El odio desatado es la
causa de todos nuestros sufrimientos y de que no estemos dispuestos a
re-conocernos como compatriotas. La palabra se usa para corromper los ambientes
y cuando algún asesor les dice que el ABC de una campaña exitosa consiste
en ser positivos, constructivos, atractivos, lucen tan falsos y postizos que
nadie les cree.
Podríamos comenzar por
contener el insulto. Desmontar los argumentos de odio y buscar lo constructivo,
lo posible de ejecutar, lo real. La filosofía clásica define el mal como
ausencia de bien, es decir, lo real es lo bueno.
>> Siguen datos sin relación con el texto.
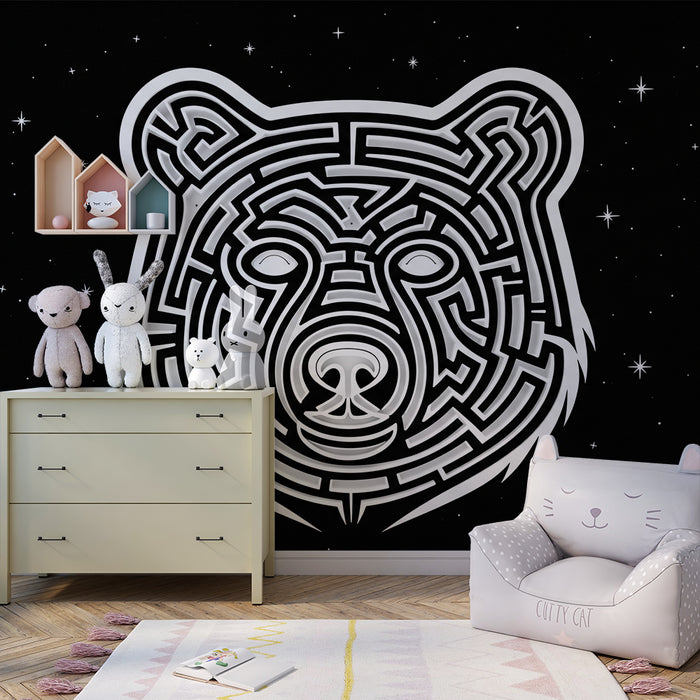 Papier peint chambre enfant | Tête d'ours en labyrinthe sur fond étoilé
El bien es lo que se puede
unir; el mal nos lleva al vacío, a perder lo que se tiene, como una tela que se
va rasgando, el hueco es cada vez mayor y nadie procura remendar.
Hay personas que pasan
a la historia por hacer el mal, y se reconocen por un cúmulo de errores, daños,
destrucción. Su reputación no queda ilesa: permanecen señalados como ejemplo de
lo que no debe ser imitado. Siguiendo la parábola, son los sembradores de
cizaña que amenazan con asfixiar el trigo, y están en todas partes: en el
chavismo, en la oposición, entre intelectuales, en las academias, en los
condominios, en los consejos comunales, en los partidos políticos, en Venezuela
y fuera de ella.
Muchos de ellos están
instalados en las redes sociales, ocultos porque no tienen ninguna fuerza ni
capacidad de ejecutar nada; con razón les llaman guerreros del teclado.
Se reconocen por su capacidad
destructiva, tóxica, cizañera, nociva, resentida. Si son carismáticos atraen a
otros y dañan más. Si son eficaces no descansan y minan todo su contexto.
Las personas de bien
que elevan nuestra historia tuvieron defectos, sintieron rabia y resentimiento
pero supieron contener su propio instinto de vacío y destrucción para llenarse
del mucho o poco bien a su alrededor. Y transmitirlo.
¿Qué tal si comenzamos
a combatir la nada y el vacío dejando de lado los insultos?